■日本語の文法の第一波・第二波・第三波
1 1980-90年代に日本語がグローバル化
日本語文法について、文法のことなど何も知らないという知り合いに、大雑把な話をしました。現代の日本語ができたのは、そんなに昔のことではないはずです。日本企業が海外に出て行って、活躍していると言っても、それも最近ですから、そう違いません。
たとえばトヨタ自動車が北米進出を決めて、ケンタッキー工場を作ったのが1987年でした。日本的経営がアメリがでも注目されたのが1980年代ですから、まだそのころ、日本においてグローバルな環境が整っていると言える状況ではなかったと思います。
日本語の場合も、書かれる内容がグローバル化することが、書くこと読むことに影響を与えたはずです。1980年代か1990年代に、現代の日本語になったと考えられます。そのくらい最近のことだとしたら、日本語の文法がなくてもおかしくないはずです。
2 日本語文法の第一波と第二波
日本語の文法の場合、戦後に古典文法を現代文法に転換していったのが第一波でした。古典文法には形容動詞がありますから、その名残りのように、教科書文法にはまだ形容動詞が生き延びています。英文法の影響もあって、主語と述語を骨格とした文法です。

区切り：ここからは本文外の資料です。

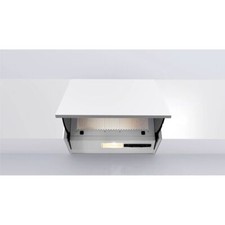 Beko HNE51210S Built In 60cm 3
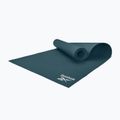 Tappetino da yoga Reebok RAYG-11022DG dark green 4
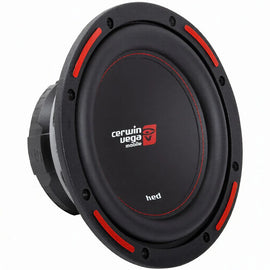 2 Cerwin Vega H7124D 12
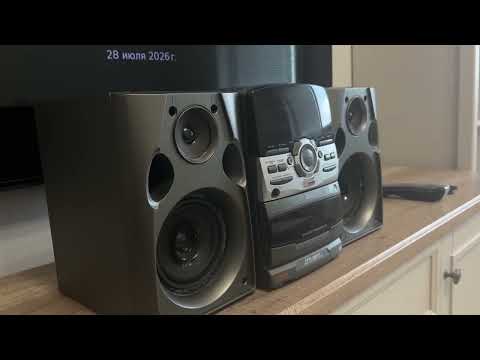 фото музыкальный центр lg ffh m217 0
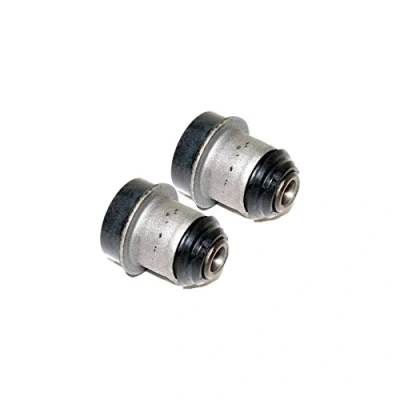 Afbeelding van DELPHI TD442W Draagarmrubbers Vooras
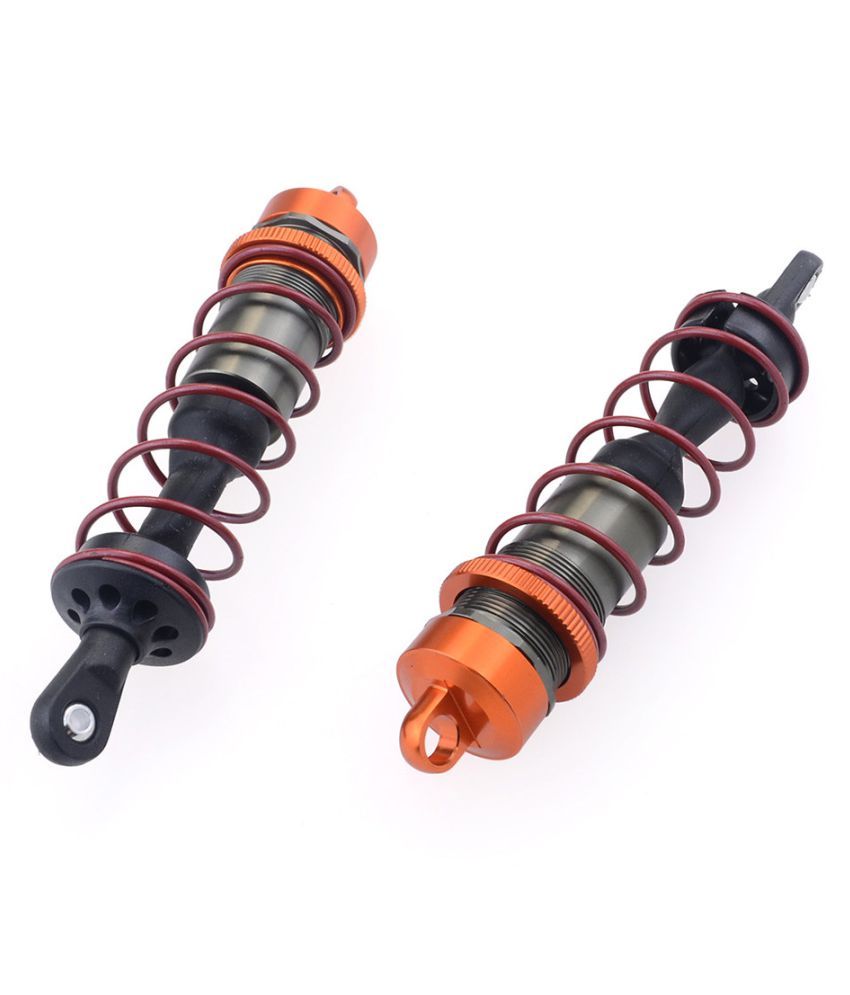 zd racing 8052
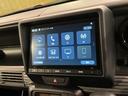 ファン　Ｈ　ＳＥＮＳＩＮＧ　新車保証　試乗車　ワンオ－ナ－　ナビＶＸＭ－２４５ＺＦＥｉ　ＴＶ　Ｒカメラ　ＢＴオ－ディオ　ＥＴＣ　ＬＥＤライト　ＶＳＡ　スマ－トキ－　スペアキ－　盗難防止装置　整備記録簿　ＡＡＣ（39枚目）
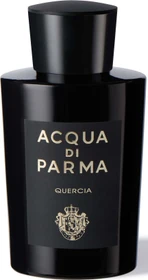 Acqua di Parma Signatures Of The Sun Quercia Eau de Parfum, 180ml
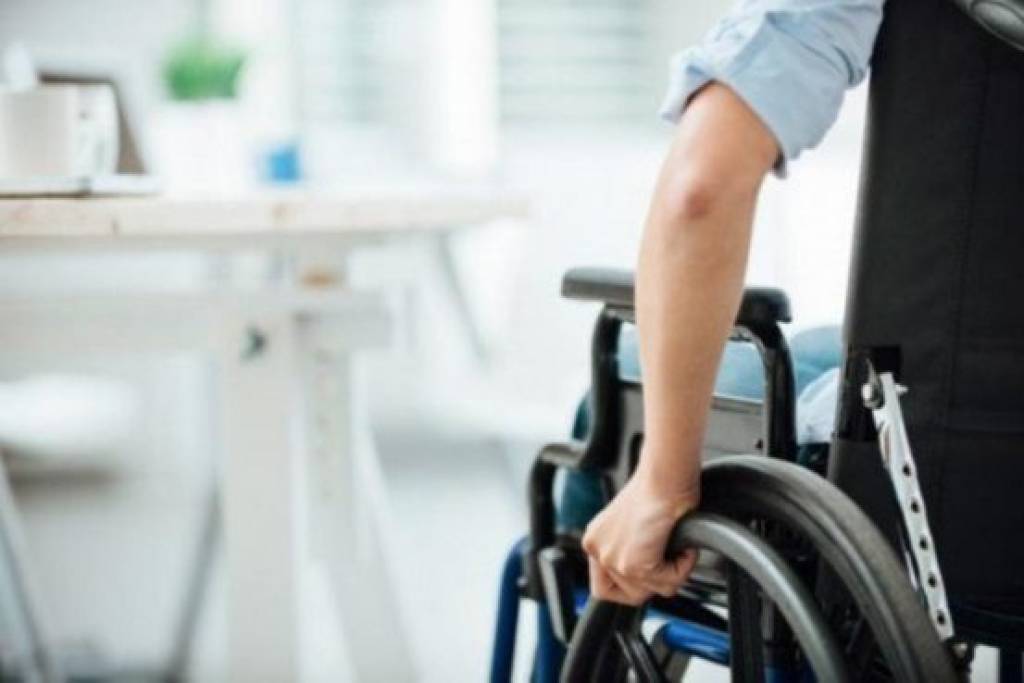 Nogironlik pensiyalari alohida murojaat talab etmasdan proaktiv shaklda tayinlanadi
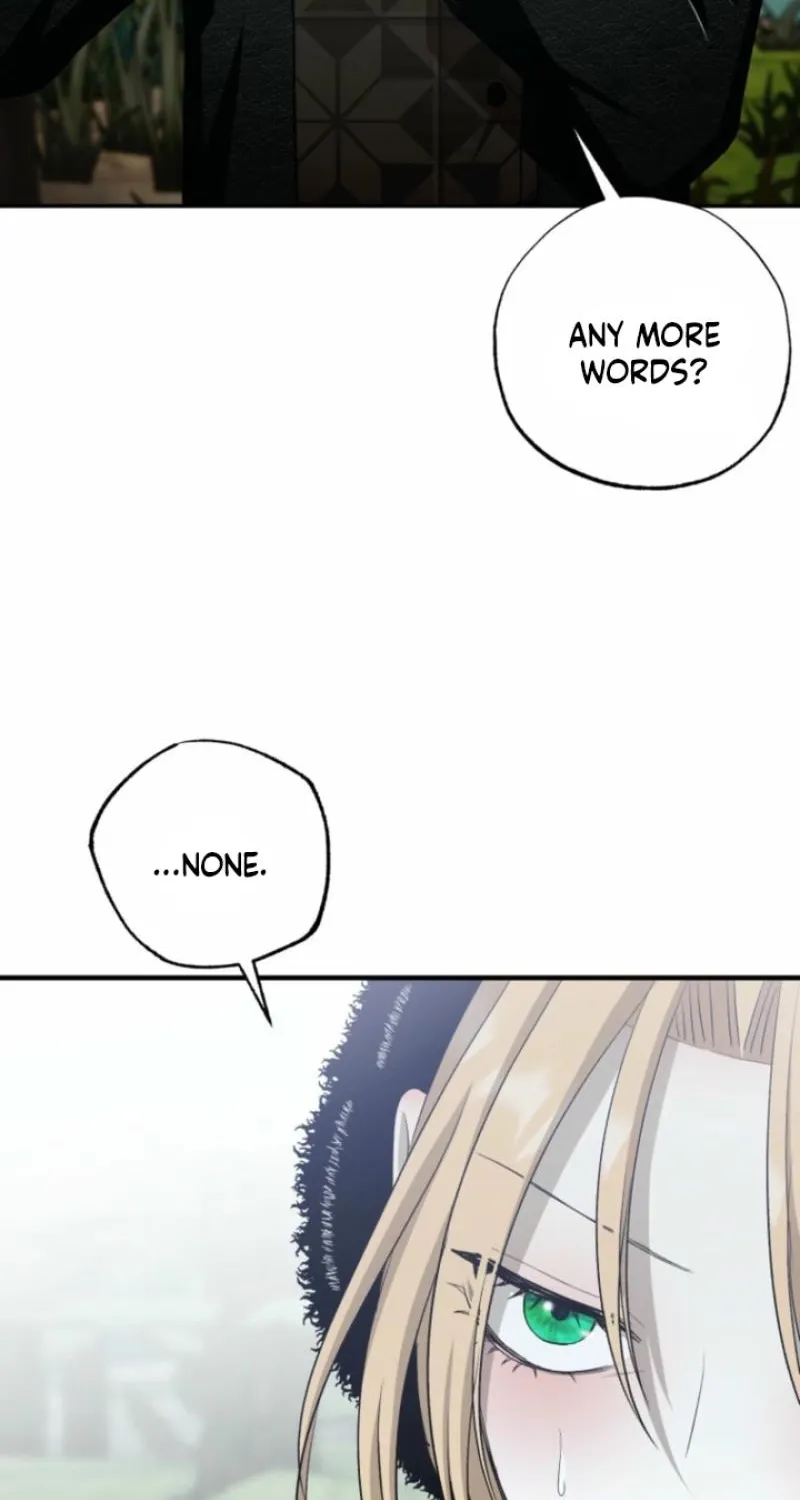 Read The Hand That Once Fed chapter 49 image 92 on Lezhin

その次に、外国人向けに日本語を教える人たちが作り上げてきた文法が第二波になると思います。ここでは形容動詞は消えて、形容詞の中のナ形容詞という扱いになっていました。さらに主語を否定する考えの人が、もしかしたら多数派です。
第一波よりも、第二波の方が若い学者たちの支持を受けていますので、最近の学界では通説的な見解になっているかもしれません。しかし、日本人向けの文法ではないですから、何となくしっくりこないことがあります。一般の優秀な方々は支持していません。
3 第三波の予想図
そうなると第三波が出てくるはずですが、まだ明確になっていないようです。第三波となるための条件は、文法に関して専門的な知識がなくても、使える文法であることになります。日本語の文法で、日本語の文章が分析できるツールでなくてはなりません。
第二波の問題点は、主語・述語を否定してしまって、かわりに主題と解説という構造を導入してしまったことです。主題の定義が上手くできていません。「は」が主題の目印だ言うのでは、使いようがないのです。使える文章の分析方法も提示できていません。
「は」は主題で、「が」は主格ですから、両者は別物です…というのでは説明になっていません。活用のない「ナ形容詞」に活用形があることにしてあります。こんなツールで文章の分析などできるわけありません。第三波と言うなら、文章分析ができるはずです。
適切な文章分析ができるなら、小学生の言語能力が増進したり、言語野の障碍を改善したりといった効果も期待できるでしょう。日本人が日本語を、意識的に運用できるようにするための文法が出てくれば、たぶんそれが第三波になります。こんな話をしました。